In 1987, a 4 km long electric barbed-wire fence (running NE-SW) was erected across the eastern side of the island. In March-April 1988 and January-March 1989, 1,059 cattle south of it (1,664 ha) were killed.
North of the fence after the 1988 dry season, 30% of 993 remaining cattle died from starvation. Monthly culling was used to stabilise numbers (580 in July 1989; reducing density from 0.81 to 0.47 individuals/ha). In 1990 and 1991, recruitment exceeded removal; in January 1992 the herd numbered 872. In February-March 1992, 327 cattle were culled and a second fence section (4.5 km long) was erected to complete division of the island into two; 43 cattle south of the fence on the island’s peat-bog (a threat to albatrosses) were shot.
During the programme soils were mapped.

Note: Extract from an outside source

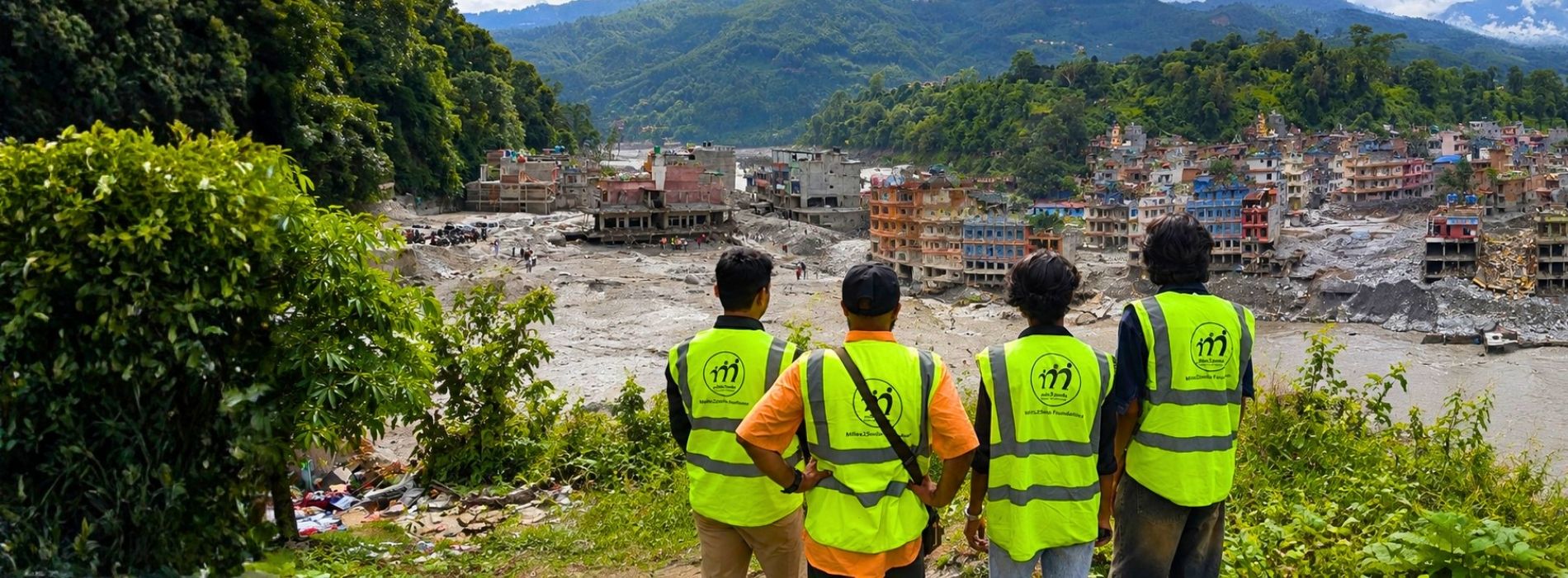 Nepal Flash Flood Relief 2026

Vegetation and invertebrates are being monitored.
Cattle are now confined to the northern area (1,225 ha); 532 cattle (density: 0.43/ha) were recorded in May 1993. They are now in a much better health due to density reduction. It is hoped to maintain low density (< 0.5 individuals/ha) to prevent overgrazing recurrence.
Initially, native plants declined and aliens increased after culling but are now recovering. In 1989, one year after the first cull, vegetation became significantly taller and the native rush Scirpus nodosus was recolonising. In 1992, vegetation in previously short meadows approached 1 m tall. The dense vegetation, whilst preventing erosion, is restricting native flora recovery, but also reducing some invasives, mainly spear thistle Cirsium vulgare.
Methods to improve germination of Phylica (a native tree)seeds were developed and seedlings propagated. From 1989 to 1993, more than 6,000 saplings were planted in areas covered by natural forest 300 years ago. Non-native Cupressus, Eucalyptus, Malus and Acacia trees are being eradicated.